Soliloquy on the Poop

Now, as our spiry wedge of cliffs recedes,
And, for a moment, up the Broadway chine
(Like a deep axe-cut to the very root)
Your eye can pierce the forestry of stone
To the actual window, almost, where we talked
And you, not stranger long, were well-beloved —
What is your parting thought?

These men are mad, perhaps your fancy runs?
Caught in that general and excessive haste,
Panic, anxiety, acceleration
That strains the varsal world;
Caught in their lofty gold-and-gimcrack mad-house;
Or, childish rajahs of a new Golconda
Riding their giddy city, a gilded howdah
Endorsed upon the elephantine orb.

Perhaps you brood: the fellows must be humoured,
They have the wild and cunning force of madmen
And terrible strength at will.
Yet not quite that (beshrew me!) is your vale .
Already, I could see, you truly loved her
And knew behind her riotous infection
Astonishing brave gust.
I think it's true
She has already sickened one stage further
Than any other town, in this strange fever
Men must control and medicine, or fail.
But here's the crux: how much of what one sees
Is really part of her? how much mere reflex
Of the beholder's eye and way of thought?
No glib poetic generalities
Will serve to annotate such unco scenes.
A city where by gorgeous accident
Men were encinct with beauty, but hardly knew it;
Glutted with all perfected toys of life
But life itself, their only only treasure,
Ran meagre, hasty, improvised, and thin.
Beauty? Ambiguous word, too cheaply flourished —
Beauty is where life moves in quietness,
Tacit agreement in unselfish aims:
Where trivial things are recognized as trivial,
And silence precedes speech. — Or other beauty,
As where a man's whole heart's in conflagration,
Ruddily painting all the neighbourhood:
Then, with true urchin zest, from unscorched vantage,
The observer claps. Oh, see the pretty fire!

Well...You have seen our Earthly Paradox,
Our Canaanitish Promissory Land
Where strong men, yipping freedom, gyve them selves.
And you do well, though wistful the sternward gaze,
To seek your peace and calmly think it over.
Aye: in one mood I'm tempted most to quote
One stanza from a very noble poem —
(I'll write one line, and you will know the rest)
" But fly our paths, our feverish contact fly! "

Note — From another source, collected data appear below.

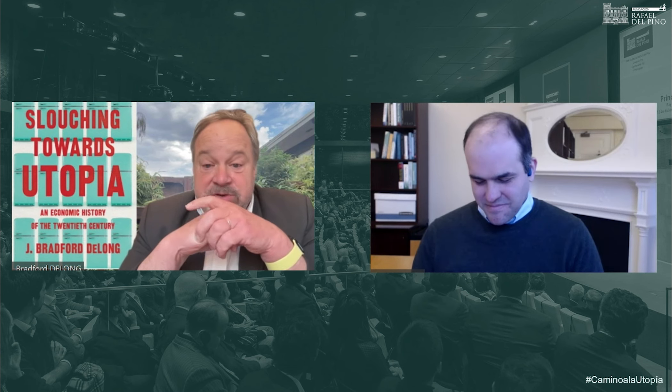Thank you very much for the interview, Brad. On behalf of the Fundación Rafael del Pino — I speak as an alum — it's a wonderful book. Thank you for writing it and for taking the time.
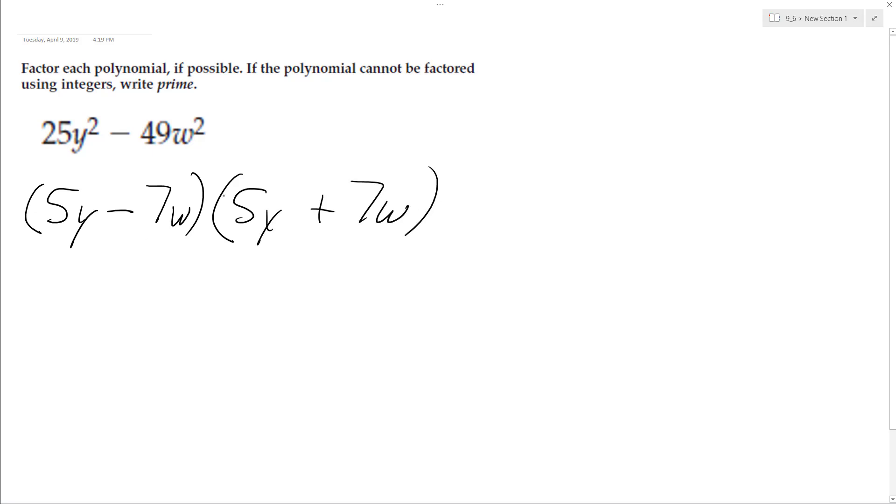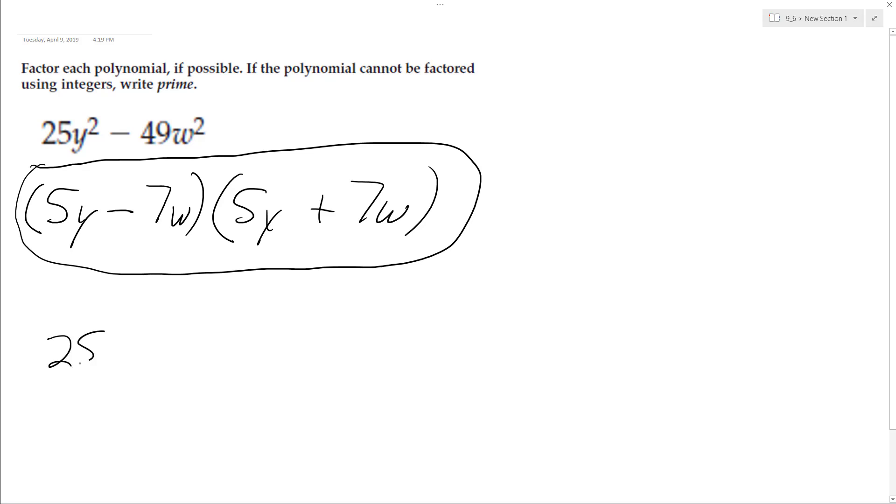So this is a solution, but we can double check here. So if I multiply this back through, 5y times 5y is 25y squared.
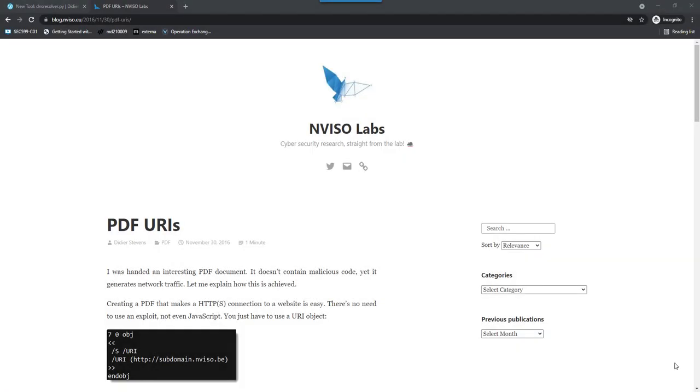Hello, Didier Stevens here with the seventh video on my DNS resolver tool. We're going to look at the track command.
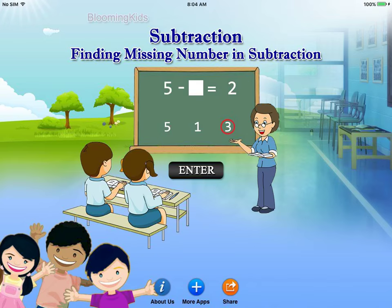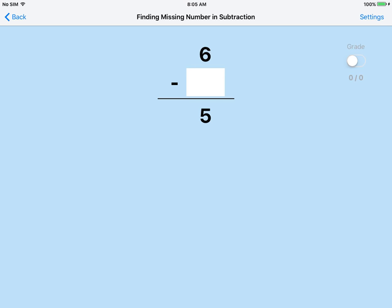Finding missing number in subtraction. 6 minus what makes 5? Click the correct number to finish the subtraction.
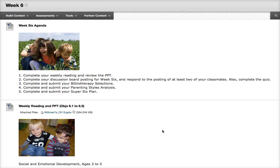Several people have asked me to make weekly recordings for you and I'm happy to do that. Today I thought we'd start with the walkthrough of the assignments for the week — the Week 6 agenda.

Yet that's misleading. I'm no ironist.
We, not wing-footed casuals like yourself,
Live with her daily, climb her jag sierras,
Treading on golden air. Here's an arena
For poets unafraid! For though she maces
Soft wits to pudding, brittle wits to powder,
There must and shall emerge some tougher scald
Whose words are sharply struck to bear abrasion,
Fiery purged to rise above the slag.
And we, like pelicans, from sore-tweaked bosoms
Feather a nest for some great egg of song!

So here she is, a pricklejoy for poets:
They turn and warm her in dissolvent thought,
Polish or chip an edge, or knurl an angle
To see how she'll sit easiest in the mind.
Make no mistake: theirs is a happy fortune:
Among her hugeous perpendiculars
(Great lines of verse, up-ended and unrhymed)
They live like commas in a perfect poem.

And now you see her jutting typescript fade:
The rough draft of the most inflaming poem
That man has ever dreamed.
If madmen love their madhouse, it may be
All driven men may learn to love their earth
And honour, not deface it.
Don't forget
The Woolworth and those other mighty lines
Now dipping backward in a mist of pearl.